→ EXERCISE OBJECTIVE:
In the lines below, output everything from the first line through the line containing "In today's video, I'll" exactly as it is. Pictures are not part of the output.
DATA EXTRACT Block Start
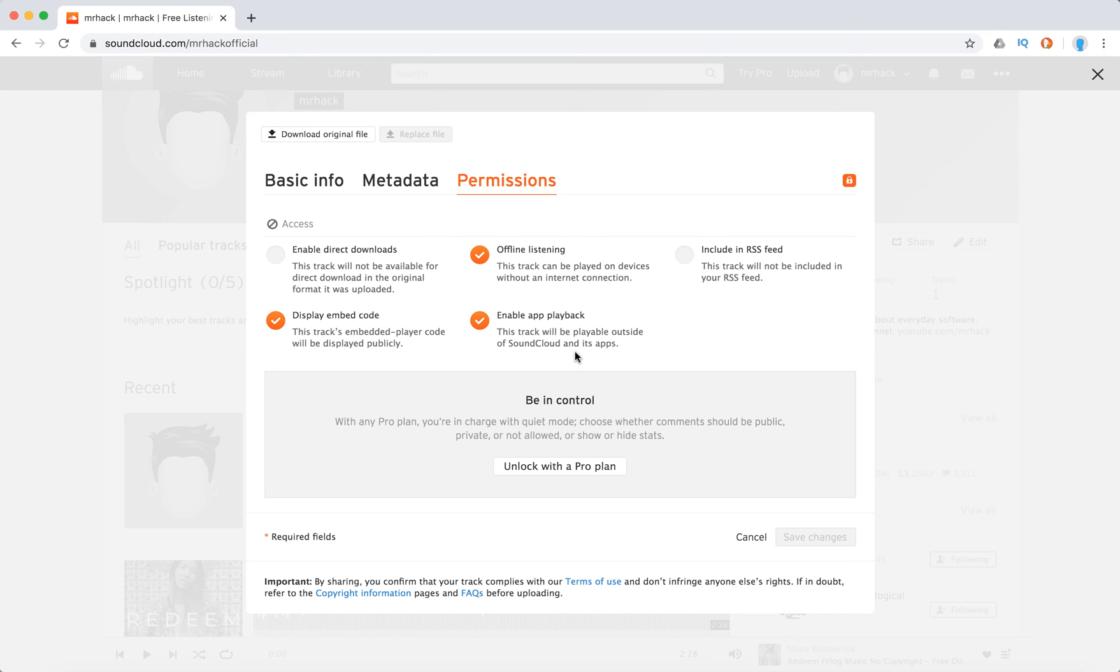If you enable app playback, it means that track will be playable outside of SoundCloud and its apps using SoundCloud API.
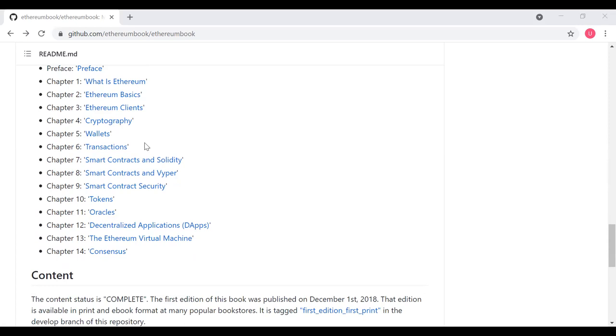Chapter eight takes a look at an alternative programming language called Viper. Viper was created under the assumption that maybe we need a language that doesn't have quite all the capabilities of Solidity to make that language more secure.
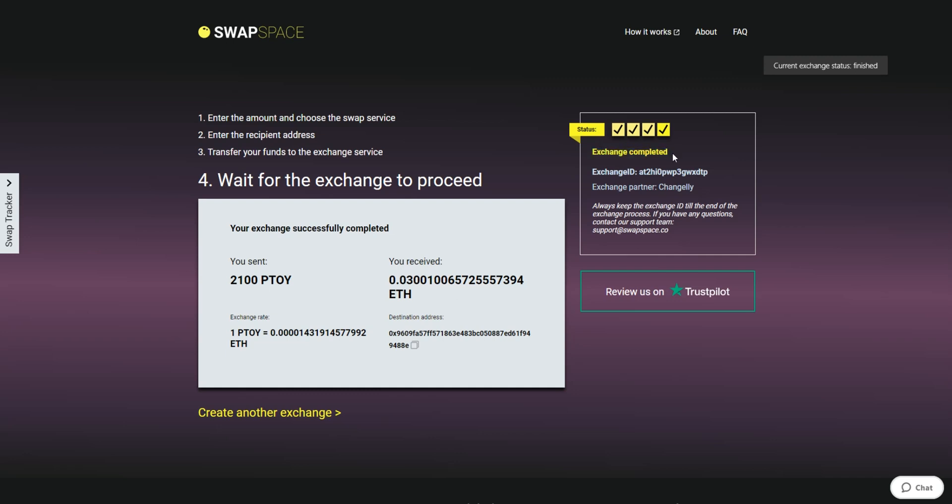And that's it. Now you've learned how to swap Patientory to Ether in a fast and easy way. Don't forget to leave a review on Trustpilot. Thanks for watching and hope to see you on SwapSpace.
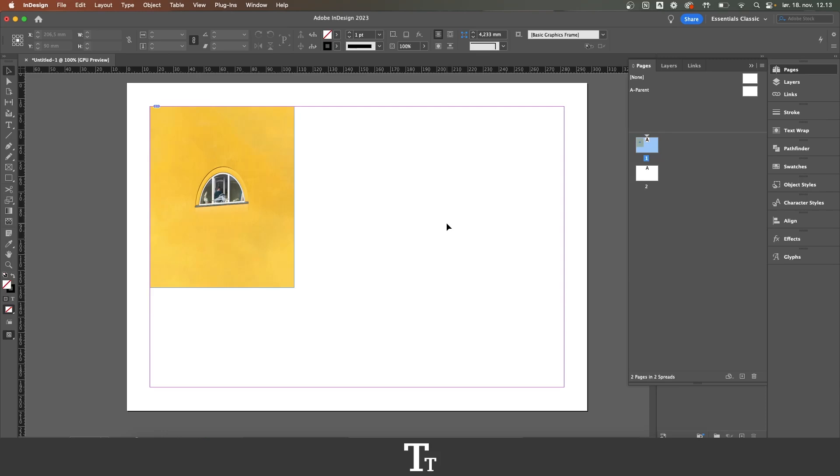In today's video, I'll be showing you how to paste in place in Adobe InDesign. If you already have InDesign, you can get it by clicking the link down in the description.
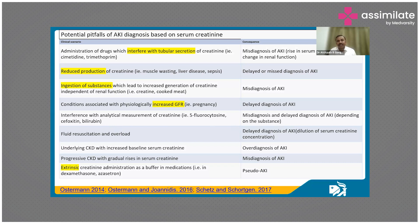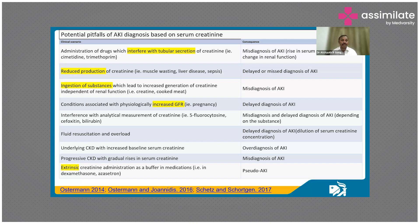Fluid resuscitation is another confounder — since we measure creatinine as a concentration in milligrams per deciliter, giving more fluid to a patient will dilute the serum creatinine and cause you to miss a true rise. If there is underlying CKD with an increased baseline serum creatinine, you would overdiagnose AKI. The same is the case with extrinsic creatinine administration, for example as a buffer in medications like dexamethasone.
DATA EXTRACT Block End
→ SOLUTION:
If you enable app playback, it means that track will be playable outside of SoundCloud and its apps using SoundCloud API.
Chapter eight takes a look at an alternative programming language called Viper. Viper was created under the assumption that maybe we need a language that doesn't have quite all the capabilities of Solidity to make that language more secure.
And that's it. Now you've learned how to swap Patientory to Ether in a fast and easy way. Don't forget to leave a review on Trustpilot. Thanks for watching and hope to see you on SwapSpace.
In today's video, I'll be showing you how to paste in place in Adobe InDesign. If you already have InDesign, you can get it by clicking the link down in the description.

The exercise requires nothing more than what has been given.